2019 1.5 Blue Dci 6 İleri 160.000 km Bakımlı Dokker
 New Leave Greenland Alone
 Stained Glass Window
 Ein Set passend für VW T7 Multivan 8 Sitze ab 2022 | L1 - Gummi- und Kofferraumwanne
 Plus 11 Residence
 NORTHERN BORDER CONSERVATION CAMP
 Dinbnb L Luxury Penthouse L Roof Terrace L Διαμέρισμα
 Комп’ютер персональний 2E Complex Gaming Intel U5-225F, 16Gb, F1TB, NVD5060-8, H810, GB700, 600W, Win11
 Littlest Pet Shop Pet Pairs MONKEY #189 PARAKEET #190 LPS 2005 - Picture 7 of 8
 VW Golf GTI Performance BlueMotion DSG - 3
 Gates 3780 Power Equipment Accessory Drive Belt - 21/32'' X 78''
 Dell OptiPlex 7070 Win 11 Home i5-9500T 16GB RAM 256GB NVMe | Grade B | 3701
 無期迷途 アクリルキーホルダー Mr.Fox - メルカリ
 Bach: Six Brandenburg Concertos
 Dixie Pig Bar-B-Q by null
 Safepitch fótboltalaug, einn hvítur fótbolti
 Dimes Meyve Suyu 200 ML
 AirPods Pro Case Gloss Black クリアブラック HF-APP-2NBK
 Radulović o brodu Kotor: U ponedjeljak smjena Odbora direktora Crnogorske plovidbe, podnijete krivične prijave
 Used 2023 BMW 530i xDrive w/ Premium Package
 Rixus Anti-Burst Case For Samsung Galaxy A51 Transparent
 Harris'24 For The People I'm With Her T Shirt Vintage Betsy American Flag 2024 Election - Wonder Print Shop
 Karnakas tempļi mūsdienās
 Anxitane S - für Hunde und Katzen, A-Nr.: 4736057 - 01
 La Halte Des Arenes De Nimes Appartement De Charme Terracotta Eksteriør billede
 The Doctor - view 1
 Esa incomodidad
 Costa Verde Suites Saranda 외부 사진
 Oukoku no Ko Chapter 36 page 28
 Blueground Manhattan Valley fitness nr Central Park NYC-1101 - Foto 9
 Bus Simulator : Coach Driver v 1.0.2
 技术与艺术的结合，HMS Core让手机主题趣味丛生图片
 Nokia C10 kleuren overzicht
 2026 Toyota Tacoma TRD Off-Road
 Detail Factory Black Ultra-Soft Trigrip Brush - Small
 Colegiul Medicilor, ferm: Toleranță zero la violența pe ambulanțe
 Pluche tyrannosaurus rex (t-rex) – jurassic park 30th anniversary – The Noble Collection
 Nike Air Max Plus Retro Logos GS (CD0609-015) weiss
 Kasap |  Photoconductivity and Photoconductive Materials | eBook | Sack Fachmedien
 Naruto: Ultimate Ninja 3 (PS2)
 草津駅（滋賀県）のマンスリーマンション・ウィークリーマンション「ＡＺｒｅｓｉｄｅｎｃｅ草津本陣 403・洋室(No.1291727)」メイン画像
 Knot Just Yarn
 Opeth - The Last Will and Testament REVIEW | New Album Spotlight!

━━━━

The string "Plus" marks the lines to copy; report each of them from the data above.

 Plus 11 Residence
 Nike Air Max Plus Retro Logos GS (CD0609-015) weiss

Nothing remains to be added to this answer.